Начиная с той, что дела, связанные с революцией, его вообще интересовали (по некоторым сведениям, был причастен к организации эсеров; в записной книжке 1911 года проходит имя «Зина» – в Париже Вахтангов встречался с московской курсисткой-эсеркой З. В. Клапиной, она после побега жила там в эмиграции; в Париже Вахтангов ходил на митинг памяти Е. С. Созонова – того Созонова, который по поручению боевой организации эсеров убил министра внутренних дел и покончил с собой на Нерчинской каторге).
Кончая той версией, что вообще хотелось уехать, отключиться, выйти из круга неудач. В Лондон так в Лондон.
«В Лондон не отпустили» (запись от 9 марта).
Запись от 17 марта: «Говорил с К. С. о Студии». Как шел разговор, о чем, неизвестно.
Четырьмя днями позже вместе со всем театром Вахтангов уезжал в Питер на гастроли. Первая запись, сделанная в Питере: «Был в „Бродячей собаке“. Просидели до 5 часов с Кокошей Петровым» (26 марта 1912 года).
Они были соученики по курсам Адашева. Н. В. Петров напишет в мемуарах: «Расставаясь с друзьями, я подарил Жене Вахтангову приложение к журналу „Театр и искусство“, который я выписывал»[101]. Но, думается, до пяти утра в «Бродячей собаке» однокашники говорили не о режиссерских перспективах «Потопа».
Вахтангову надо было отвести душу. Он прожил тяжелый год. Ему надо было заново понять себя, свои возможности на том месте, где оказался.
Может быть, надо менять себя. Может быть, менять место.

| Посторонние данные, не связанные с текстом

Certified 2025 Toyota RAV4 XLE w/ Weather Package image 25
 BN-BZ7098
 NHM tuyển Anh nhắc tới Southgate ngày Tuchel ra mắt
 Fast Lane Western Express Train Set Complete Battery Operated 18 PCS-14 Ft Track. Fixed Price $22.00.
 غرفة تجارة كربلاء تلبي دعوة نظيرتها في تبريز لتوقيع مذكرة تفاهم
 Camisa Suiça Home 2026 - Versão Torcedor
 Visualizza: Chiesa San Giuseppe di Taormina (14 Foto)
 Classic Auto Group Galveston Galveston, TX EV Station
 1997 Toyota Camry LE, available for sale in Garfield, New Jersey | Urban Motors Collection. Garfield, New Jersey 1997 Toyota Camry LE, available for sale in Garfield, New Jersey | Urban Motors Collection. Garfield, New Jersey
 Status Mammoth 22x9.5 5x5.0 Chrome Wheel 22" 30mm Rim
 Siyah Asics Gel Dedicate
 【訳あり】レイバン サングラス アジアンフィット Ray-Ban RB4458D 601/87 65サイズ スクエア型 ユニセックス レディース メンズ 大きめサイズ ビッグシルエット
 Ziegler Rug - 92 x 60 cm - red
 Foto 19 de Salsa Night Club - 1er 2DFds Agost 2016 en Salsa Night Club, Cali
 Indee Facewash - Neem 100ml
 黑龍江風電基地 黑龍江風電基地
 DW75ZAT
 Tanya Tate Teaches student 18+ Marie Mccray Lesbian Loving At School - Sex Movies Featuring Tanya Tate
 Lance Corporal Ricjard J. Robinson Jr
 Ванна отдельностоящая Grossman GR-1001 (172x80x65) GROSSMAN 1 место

Год назад, в марте 1911 года, Вахтангов услышал от Станиславского похвалу за запись лекции («Вот молодец. Как же это вы успели? Вы стенограф»). Накануне, когда в МХТ обсуждали планы предстоявшего капустника, К. С. сказал ему приятное по другому поводу. «Вот, говорят, Вахтангов хорошо под Васю Качалова. Может, вы изобразите что-нибудь?»
Вахтангов показывал Качалова – Анатэму. Это было в самом деле замечательно – по мере сходства и не только. Показ клонился к пародии и не становился ею, за утрировкой была артистическая зараженность и восхищение, срабатывали закладки экспрессиониста, которого Вахтангов в себе еще не знал («Анатэму» припомнят все, кто годы спустя увидят «Гадибук» – вахтанговский спектакль в «Габиме»).